Abdullah Gürgün
Küçük dilimle birlikte büyük dilimi de yutacağım. Bafa Gölü kıyısında, “Koca Mezarlık” ya da “Maşatlık (Meşetlik)” adıyla anılan araziye zeytinyağı fabrikası yapılır mı?
Yapıldı; açmaya hazırlanıyorlar…
GÖLYAKALILARIN ANLATTIĞI TARİHÇE
Buraya ilk önce Didim Apollon Tapınağı’na ve Milet’e mermer gönderen Kızıl Yar ve Oyuk Dağı mermer ocaklarında çalışan işçiler öldüklerinde gömülmüşler. Daha sonra Hıristiyanlar gömülmüş daha sonra Müslüman Türkler gömülmüş. O bakımdan buranın “Koca Mezarlık” adıyla anılması çok doğal.
Öte yandan “Maşatlık ya da “Meşetlik” genelde Yahudi, Ermeni mezarlığı ya da gayrımüslimlerin mezarlığı anlamında kullanılıyor.

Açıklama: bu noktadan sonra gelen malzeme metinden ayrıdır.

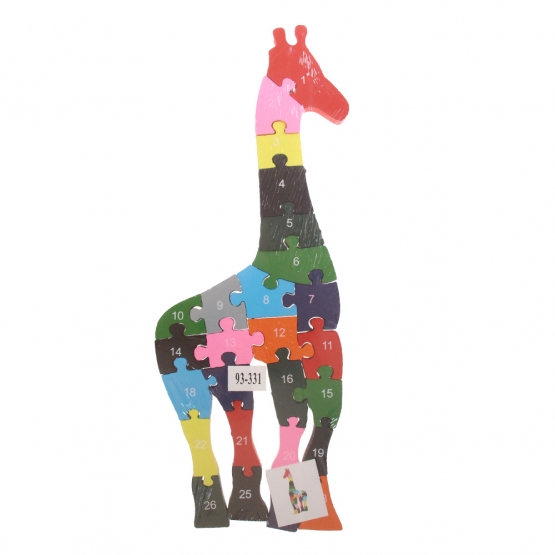 Vzdělávací dřevěné puzzle žirafa var.2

Ancak aynı zamanda savaşta ölenlerin mezarlığı da deniyor, şehit düşülen yer anlamında kullanılıyor.
Ali Rıza Yalman (Yalkın) Türkmenler arasında yaptığı araştırmaları topladığı “Cenupta Türkmen Oymakları 1 kitabında, vurularak ve şehit olarak ölen adamların mezarlarına “meşhet” ya da “düşek” adı verildiğini yazıyor.
Meşhet kelimesi Türkçe’de “şehadet yeri, mezar” anlamına gelir.
Arapça şehid kökünden gelen maşhad مشهد z “şehadet yeri, mezar” sözcüğüne dayanıyor.
İslam Ansiklopedisi’nde ( https://islamansiklopedisi.org.tr/meshed ) şu bilgiye rastlıyoruz.
…dinî bir özelliğe sahip veya topluma mal olmuş kimselerin şehid olduğu yahut defnedildiği yerlerdeki mezar ve türbelerde insanların dua amacıyla toplanması neticesinde bu mahaller meşhed olarak anılmış olmalıdır. İlk dönemlerde pek rastlanmayan meşhed tabiri daha sonra bilhassa Şiî dünyasında “şehitlik” mânasında kullanılmıştır. Türkçe’de şehitlik kelimesi birden fazla kişinin defnedildiği yeri belirtirken meşhed genellikle tek kişinin defin yahut şehâdet mekânını ifade etmektedir.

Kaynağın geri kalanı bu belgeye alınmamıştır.